-------- Data

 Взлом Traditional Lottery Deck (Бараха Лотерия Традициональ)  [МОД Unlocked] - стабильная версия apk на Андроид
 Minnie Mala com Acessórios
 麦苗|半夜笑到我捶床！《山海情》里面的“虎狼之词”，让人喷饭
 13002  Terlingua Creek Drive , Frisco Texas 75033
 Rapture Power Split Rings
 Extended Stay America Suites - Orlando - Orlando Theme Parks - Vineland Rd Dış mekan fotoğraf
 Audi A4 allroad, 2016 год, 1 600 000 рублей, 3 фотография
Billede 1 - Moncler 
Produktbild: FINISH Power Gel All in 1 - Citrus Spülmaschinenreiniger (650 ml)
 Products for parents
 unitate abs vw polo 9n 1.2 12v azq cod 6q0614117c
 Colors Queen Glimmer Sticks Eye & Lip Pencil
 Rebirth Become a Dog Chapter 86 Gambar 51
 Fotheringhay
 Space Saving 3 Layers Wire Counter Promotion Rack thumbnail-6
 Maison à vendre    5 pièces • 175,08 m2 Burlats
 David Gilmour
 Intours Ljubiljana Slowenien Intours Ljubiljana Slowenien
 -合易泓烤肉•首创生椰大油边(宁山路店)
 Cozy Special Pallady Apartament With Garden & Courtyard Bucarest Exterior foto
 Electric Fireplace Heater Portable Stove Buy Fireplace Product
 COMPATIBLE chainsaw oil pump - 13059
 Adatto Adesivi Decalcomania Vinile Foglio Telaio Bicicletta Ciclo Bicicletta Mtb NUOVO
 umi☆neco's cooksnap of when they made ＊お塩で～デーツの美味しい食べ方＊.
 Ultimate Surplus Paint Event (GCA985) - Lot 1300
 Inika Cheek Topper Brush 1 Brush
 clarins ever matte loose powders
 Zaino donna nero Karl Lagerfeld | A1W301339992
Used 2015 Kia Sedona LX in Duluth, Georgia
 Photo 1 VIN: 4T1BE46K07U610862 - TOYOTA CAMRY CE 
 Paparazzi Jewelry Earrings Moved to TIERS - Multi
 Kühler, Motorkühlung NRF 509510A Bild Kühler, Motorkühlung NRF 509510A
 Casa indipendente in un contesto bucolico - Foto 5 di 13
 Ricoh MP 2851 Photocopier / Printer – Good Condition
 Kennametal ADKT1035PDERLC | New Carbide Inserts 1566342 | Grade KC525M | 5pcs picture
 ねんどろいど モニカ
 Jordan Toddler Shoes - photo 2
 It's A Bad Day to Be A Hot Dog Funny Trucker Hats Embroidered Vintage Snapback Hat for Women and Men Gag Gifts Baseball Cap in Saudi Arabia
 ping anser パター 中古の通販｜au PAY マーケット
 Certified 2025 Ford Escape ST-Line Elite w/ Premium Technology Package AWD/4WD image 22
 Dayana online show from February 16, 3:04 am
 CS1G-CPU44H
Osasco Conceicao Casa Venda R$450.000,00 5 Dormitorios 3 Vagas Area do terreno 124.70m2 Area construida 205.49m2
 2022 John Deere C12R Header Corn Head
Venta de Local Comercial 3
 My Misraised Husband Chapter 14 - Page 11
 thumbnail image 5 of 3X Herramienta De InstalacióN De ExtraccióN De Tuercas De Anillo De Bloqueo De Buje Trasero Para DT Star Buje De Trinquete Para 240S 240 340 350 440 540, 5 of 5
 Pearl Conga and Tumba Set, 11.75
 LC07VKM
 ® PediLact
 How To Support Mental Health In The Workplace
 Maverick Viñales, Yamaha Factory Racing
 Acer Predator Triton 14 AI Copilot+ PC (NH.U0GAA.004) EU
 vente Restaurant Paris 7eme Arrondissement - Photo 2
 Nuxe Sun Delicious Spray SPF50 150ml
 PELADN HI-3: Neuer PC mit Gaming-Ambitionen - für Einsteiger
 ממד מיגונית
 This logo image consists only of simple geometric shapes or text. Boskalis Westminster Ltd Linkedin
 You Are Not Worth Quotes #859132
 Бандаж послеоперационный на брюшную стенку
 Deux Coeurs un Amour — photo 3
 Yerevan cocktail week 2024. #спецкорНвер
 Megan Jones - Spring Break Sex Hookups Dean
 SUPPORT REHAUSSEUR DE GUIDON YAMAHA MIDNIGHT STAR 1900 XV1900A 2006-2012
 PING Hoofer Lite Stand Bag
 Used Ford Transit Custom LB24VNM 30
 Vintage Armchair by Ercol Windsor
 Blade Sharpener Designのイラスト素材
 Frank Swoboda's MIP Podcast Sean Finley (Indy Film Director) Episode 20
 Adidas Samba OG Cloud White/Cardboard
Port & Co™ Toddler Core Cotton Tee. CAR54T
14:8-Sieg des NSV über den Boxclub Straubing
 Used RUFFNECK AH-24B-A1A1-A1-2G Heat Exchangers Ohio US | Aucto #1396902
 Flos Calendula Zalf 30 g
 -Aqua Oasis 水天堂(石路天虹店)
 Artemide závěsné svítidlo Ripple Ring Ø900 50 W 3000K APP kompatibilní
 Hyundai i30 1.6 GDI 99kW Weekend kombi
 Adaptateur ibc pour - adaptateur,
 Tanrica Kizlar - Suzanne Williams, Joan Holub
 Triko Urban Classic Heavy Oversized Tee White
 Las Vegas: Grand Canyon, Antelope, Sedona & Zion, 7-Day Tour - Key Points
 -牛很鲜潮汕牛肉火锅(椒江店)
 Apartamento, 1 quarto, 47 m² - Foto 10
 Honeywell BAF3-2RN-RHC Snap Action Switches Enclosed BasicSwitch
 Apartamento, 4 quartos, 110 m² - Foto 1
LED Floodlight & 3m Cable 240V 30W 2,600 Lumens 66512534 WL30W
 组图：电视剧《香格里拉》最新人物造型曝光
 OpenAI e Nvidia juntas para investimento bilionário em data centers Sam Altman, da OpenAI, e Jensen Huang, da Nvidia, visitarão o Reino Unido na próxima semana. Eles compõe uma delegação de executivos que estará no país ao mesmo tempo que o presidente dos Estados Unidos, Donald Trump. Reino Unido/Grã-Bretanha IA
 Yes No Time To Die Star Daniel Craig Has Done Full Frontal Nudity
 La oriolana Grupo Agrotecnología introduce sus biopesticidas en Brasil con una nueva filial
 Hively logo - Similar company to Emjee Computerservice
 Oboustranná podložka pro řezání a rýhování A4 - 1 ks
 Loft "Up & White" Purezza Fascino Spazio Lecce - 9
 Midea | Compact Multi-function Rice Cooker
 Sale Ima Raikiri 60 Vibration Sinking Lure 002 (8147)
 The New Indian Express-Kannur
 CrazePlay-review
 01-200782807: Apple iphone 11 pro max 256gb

----------------

Work to complete:
Once you reach the line with "Venta de Local Comercial 3" in the data above, copy it and every line after it exactly, up to and including the line with "Бандаж послеоперационный на брюшную стенку".

Exercise answer:
Venta de Local Comercial 3
 My Misraised Husband Chapter 14 - Page 11
 thumbnail image 5 of 3X Herramienta De InstalacióN De ExtraccióN De Tuercas De Anillo De Bloqueo De Buje Trasero Para DT Star Buje De Trinquete Para 240S 240 340 350 440 540, 5 of 5
 Pearl Conga and Tumba Set, 11.75
 LC07VKM
 ® PediLact
 How To Support Mental Health In The Workplace
 Maverick Viñales, Yamaha Factory Racing
 Acer Predator Triton 14 AI Copilot+ PC (NH.U0GAA.004) EU
 vente Restaurant Paris 7eme Arrondissement - Photo 2
 Nuxe Sun Delicious Spray SPF50 150ml
 PELADN HI-3: Neuer PC mit Gaming-Ambitionen - für Einsteiger
 ממד מיגונית
 This logo image consists only of simple geometric shapes or text. Boskalis Westminster Ltd Linkedin
 You Are Not Worth Quotes #859132
 Бандаж послеоперационный на брюшную стенку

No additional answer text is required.